Cathy McKinley: Okay. Ghana truly is a
village in many ways. People say that Accra, the capital city, is
more of a society than a city, and I think that's very true. It is
a very peaceful place. There isn't a lot of crime. It's actually
one of the safest societies I've ever lived in.
And even
though it's surrounded by war and very much affected by war - the
Ivory Coast and Nigeria are close by and Burkina Faso - it is an
extremely peaceful and agrarian-feeling city. Even though it's not
very modern, it's reaching towards modernism every minute. It's
also a place where I went on a Fulbright Fellowship and didn't
expect to find a relationship with a woman.
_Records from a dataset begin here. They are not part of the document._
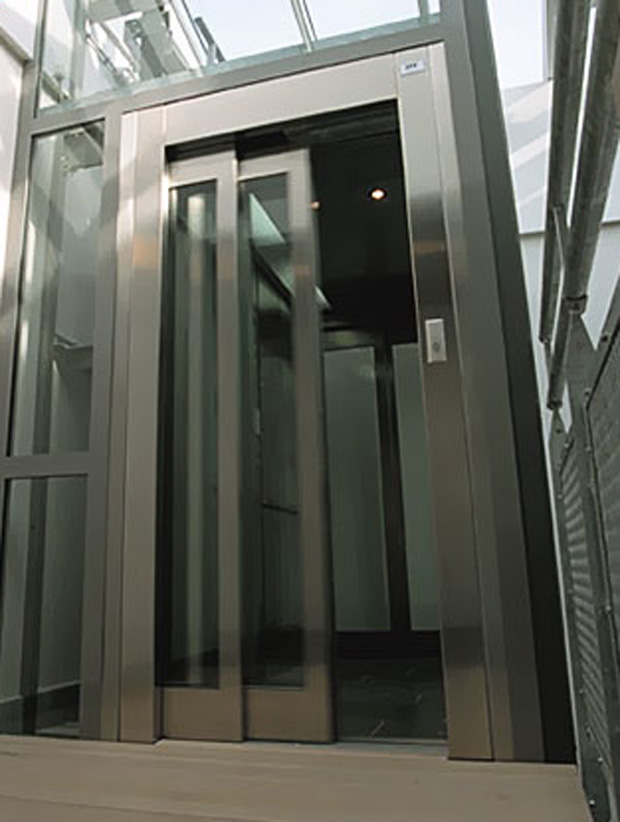 les engagements des établissements Saulière pour 2016 spécialistes des ascenseurs, monte-escaliers et monte-charges.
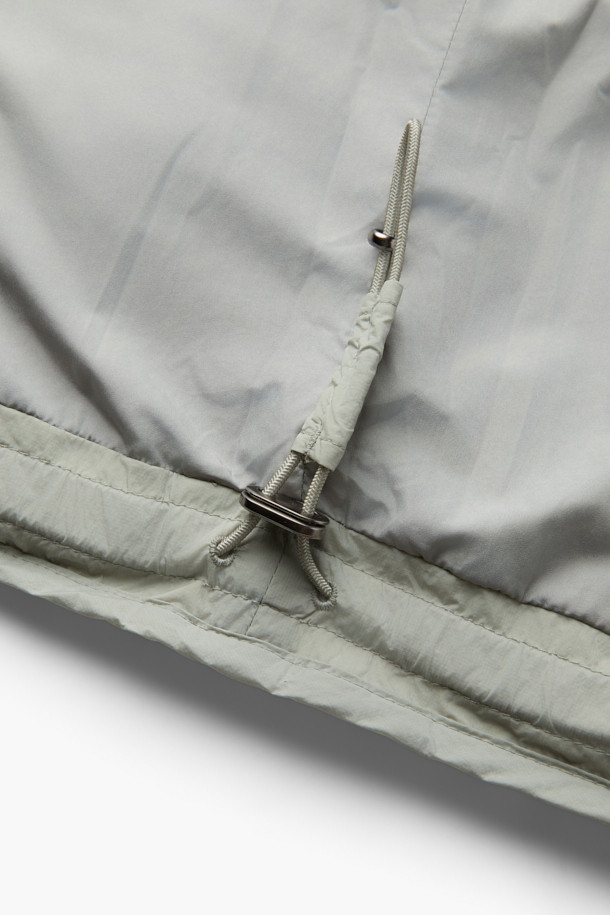 가볍고 따뜻한 경량 퀼팅 후드 다운 점퍼입니다. 겉감은 바스락거리는 나일론 소재, 안감은 부드러운 촉감으로 편안한 착용감을 선사합니다. 머스코비 다운 (솜털 80%, 깃털 20%) 충전재와 700-750 필파워로 뛰어난 보온성을 제공하며, 방풍 기능으로 야외 활동 시에도 쾌적함을 유지해 줍니다. 숏 기장의 루즈핏으로 캐주얼 스타일을 연출하기 좋으며, 후드, 퀼팅, 드로우스트링, 아웃포켓 등의 디테일이 돋보입니다. 여행룩, 캠핑룩, 등산룩 또는 캐주얼, 고프코어, 미니멀 스타일로 다양하게 활용할 수 있습니다.
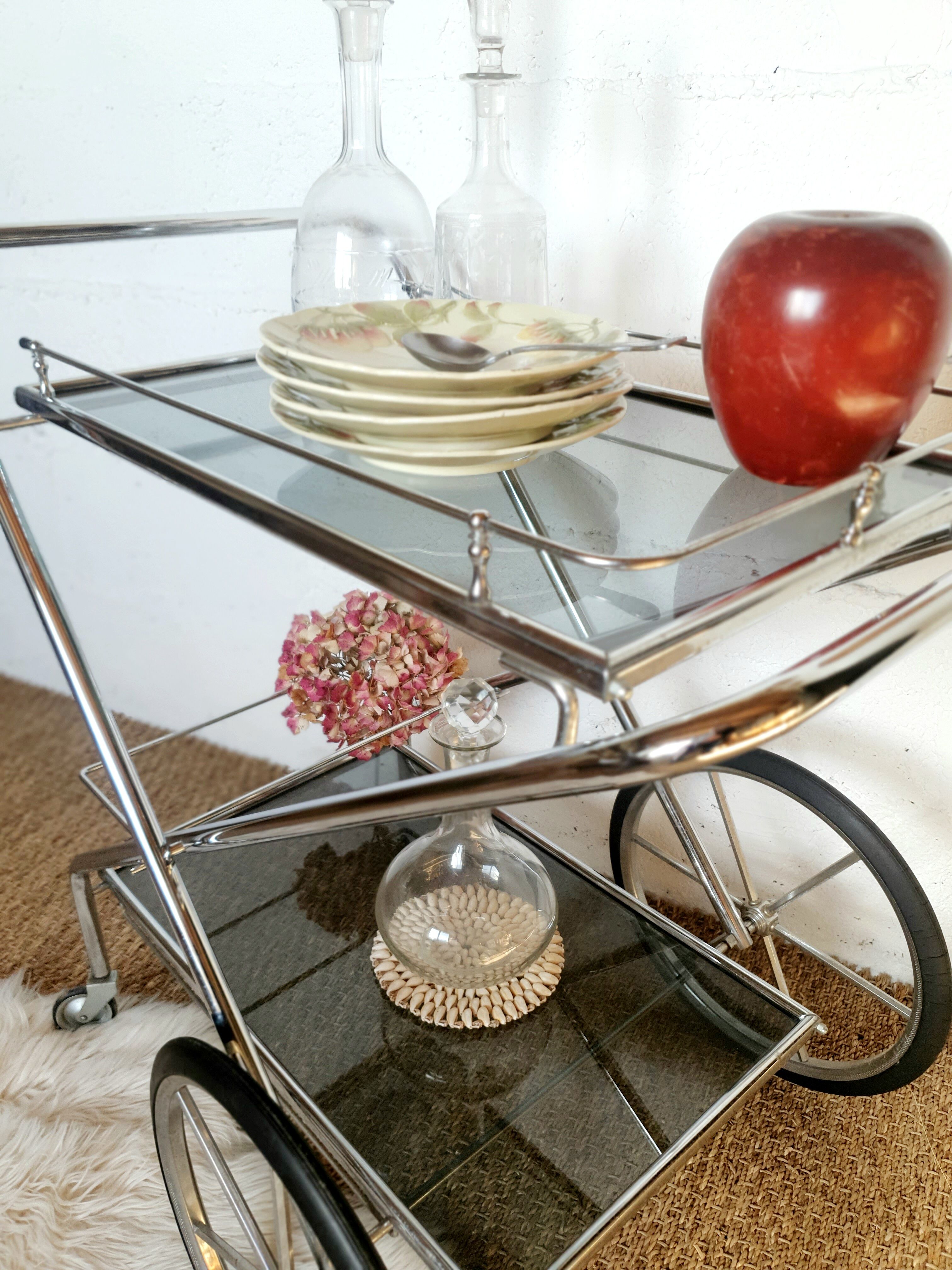 Rolling dessert / chrome bar and smoked glass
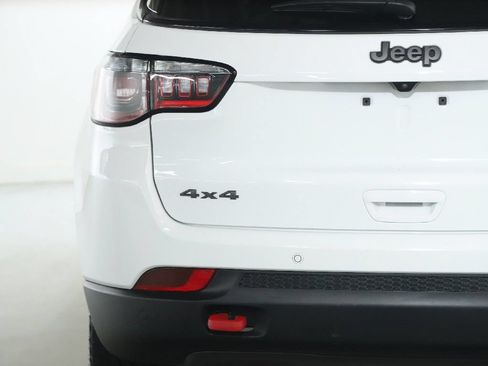 Used 2025 Jeep Compass Trailhawk AWD/4WD image 43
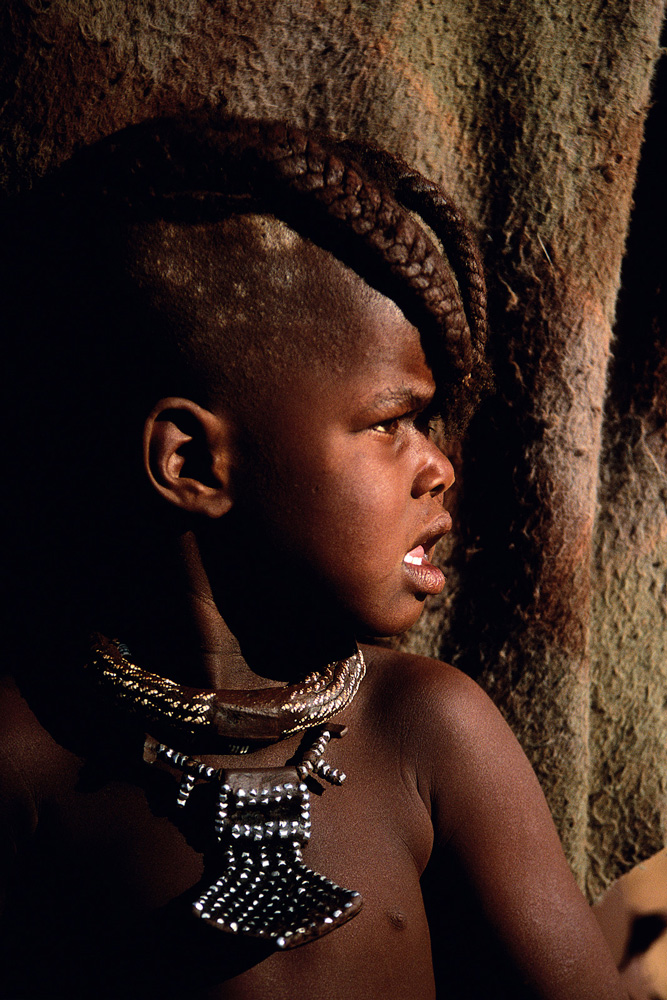 eune garçon de l’ethnie Himba en Namibie en 2000.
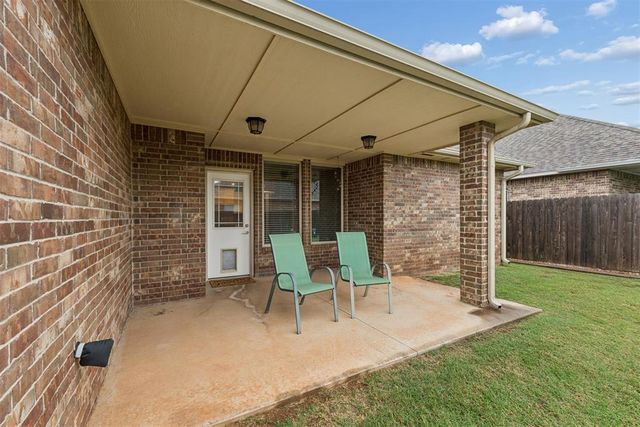 18505 Maidstone Lane, Edmond, OK 73012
I went there thinking
that I was going to lock sexuality away, and maybe some of my girls
would come and visit. I thought that I was going to spend these two
years celibate.
AR: But you were doing a project on
lesbians in Ghana, weren't you?
CM: Not necessarily.
I had in mind I was going to -
AR: It became your project.
CM: I was doing a project on textiles and on
the indigo trade and I wanted to look at women's political history
through textiles and cloth and material culture. I had in mind I
was going to find out what really happens with lesbians in Africa.
And I did. I found out very quickly.
I left here, having
just found my entire birth family - 14 siblings; my birth mother,
who is Jewish; and my birth father is African-American and Chocktaw
Indian. I was recovering from this eight-year period of searching,
and then just a massive set of revelations that completely
destabilized everything about my identity, my sense of myself and my
family. And I got to Ghana and I got enveloped - family is
everything there.
I had thought I was of running away from
it, but I found myself really entrenched in family. It became
really healing, like this kind of heterosexual model of family,
extended families; where family is central to so many ways that the
society organizes itself. All of the sudden it felt like this
refuge, even though it was something I didn't necessarily want.
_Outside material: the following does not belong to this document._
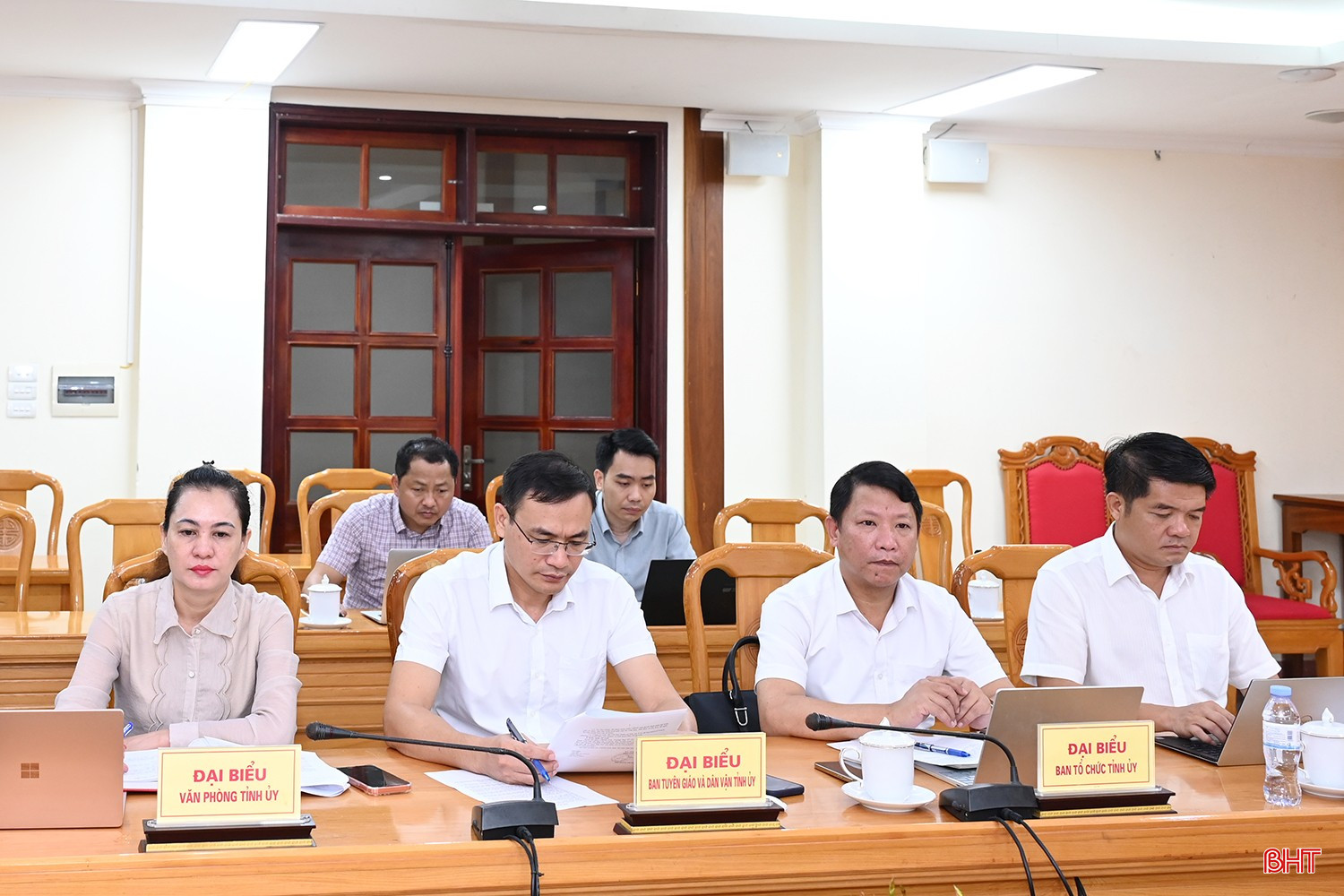 Đại biểu dự họp.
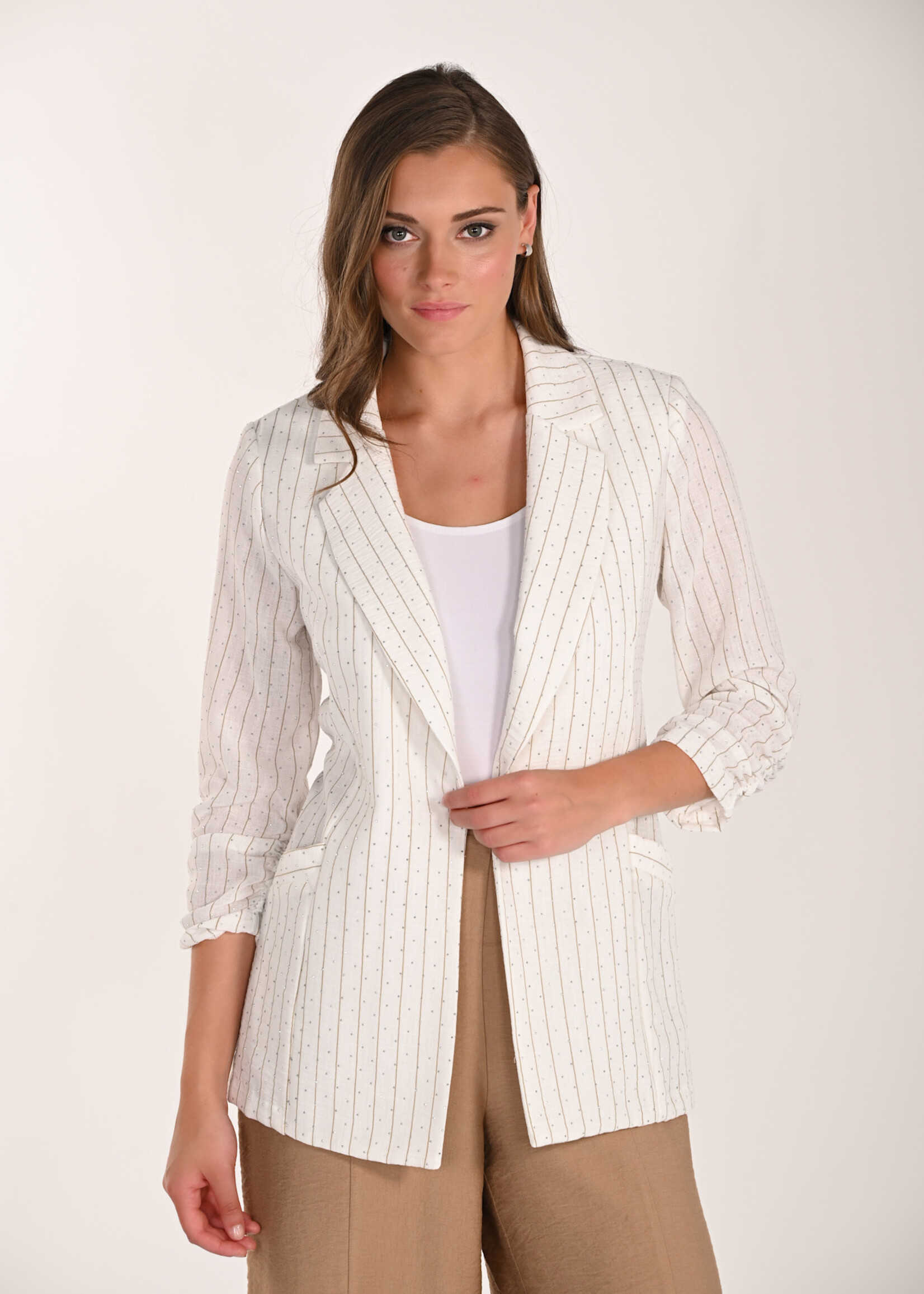 Frank Lyman Sparkle Blazer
I met people and got pulled in very deeply to one specific family -
my girlfriend's - and then to people in the extended community,
and then to her very, very large extended family. And I haven't
formally adopted a little girl there, but her mother kind of dumped
her on me. I started feeding her because I thought she had a
nutritional deficiency. I started giving her an egg every morning
and her mother ended up dumping her on me. She's now living with my
girlfriend and we're raising her. I get to be the dad who sends the
money and sees her a couple of months out of the year.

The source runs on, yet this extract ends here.